Ringgo nggak menggubris lagi
pertanyaan Duta. Dia malas membahas cowok yang disuka sama cewek yang justru
dia suka, yang sayangnya cowok itu sahabatnya sendiri!! Duta.
“Lo dengerin gue ngomong nggak sih,
Go?” desak Duta.
“Iya, gue denger lo ngomong”.
“Terus lo tau nggak siapa cowok yang
Dila suka itu? Dia nggak pernah cerita sama lo?”
“Dia emang nggak pernah cerita sama gue,
tapi gue tau siapa cowok itu”, jawab Ringgo dingin ke arah Duta. “Cowok yang
disuka sama Dila itu, lo!”
Duta kaget bukan kepalang. “Gue? Kok
gue?”
Ringgo mengedikkan bahu.
“Mungkin lo sempurna kali di mata
Dila, makanya dia jatuh cinta sama lo”, ujar Ringgo. Dalam hatinya, Ringgo juga
merasa iri pada Duta. “Lo kan ganteng, pinter lagi. Nggak heran semua cewek di
sekolah naksir dan pengen deket sama lo, termasuk Dila. Iya kan?”

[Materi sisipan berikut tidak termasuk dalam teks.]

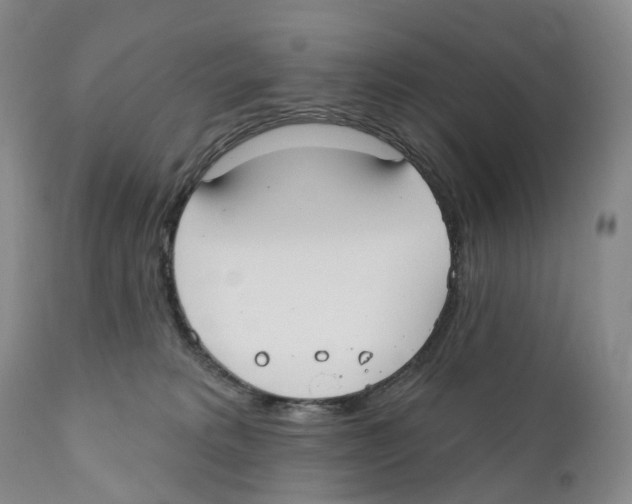 X0000110900229200907161600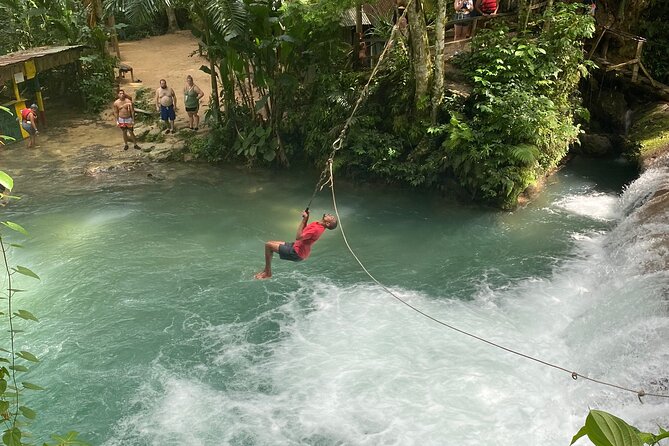 Blue Hole Falls & Ocho Rios from Montego Bay & Falmouth Jamaica - Fern Gully: The Scenic Start Before the Water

“Lo juga ganteng, pinter. Dua kali
lipat dari gue malah”.
“Tapi ada kriteria yang ada dalam diri
lo yang nggak ada sama gue”, ujar Ringgo pada Duta. Duta langsung terus
memancangkan raut muka penasaran, menunggu Ringgo bicara lagi. “Lo tajir alias
orang kaya. Sedangkan gue? Siapa lagi yang mau dengan cowok anak yang Bapaknya
juru parkir dan Ibunya jadi tukang cuci-setrika di rumah tetangga, terus yang
tiap pulang sekolah harus jadi tukang cuci steam motor supaya biar terus bisa
sekolah?”
“Kok lo ngomong kayak gitu sih, Go?”,
Duta menjawab ucapan Ringgo. Duta menangkap ada nada skeptis saat Ringgo bicara
barusan. “Gue nggak sempurna lagi...”
Ringgo memandang Duta lekat-lekat. Apa
maksudnya? Batin Ringgo. Justru menurut Ringgo, Duta sudah tergolong sempurna.
Ganteng, otak ada isinya, ramah sama semua orang, supel, kaya lagi. Kurang apa
coba? Cewek mana yang nggak suka sama cowok dengan tipe sekomplit Duta? Jadi
nggak heran dong kalo Dila suka sama Duta dan memilih menolak cintanya?!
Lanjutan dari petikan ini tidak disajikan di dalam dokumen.